**THE TASK**
Write every line below out again, exactly as given, but leave out the pictures.

**GIVEN DATA**
"""

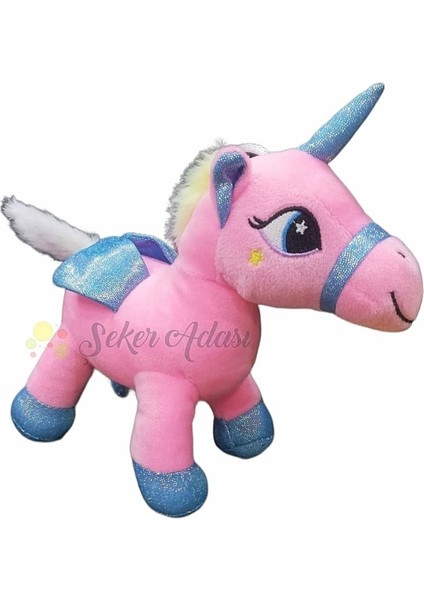 Kanatlı Boynuzlu Unicorn Pony At Peluş Oyuncak 20 cm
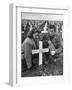 Former GI Ernest Kreiling and His Bride Visiting the Grave of His Best Friend-null-Framed Photographic Print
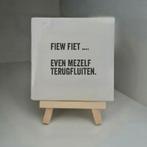Wandtegeltje fiew fiet, Huis en Inrichting, Ophalen of Verzenden, Zo goed als nieuw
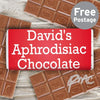 Personalised Aphrodisiac Milk Chocolate Bar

"""

**EXERCISE RESULT**
 Kanatlı Boynuzlu Unicorn Pony At Peluş Oyuncak 20 cm
 Former GI Ernest Kreiling and His Bride Visiting the Grave of His Best Friend-null-Framed Photographic Print
Wandtegeltje fiew fiet, Huis en Inrichting, Ophalen of Verzenden, Zo goed als nieuw
 Personalised Aphrodisiac Milk Chocolate Bar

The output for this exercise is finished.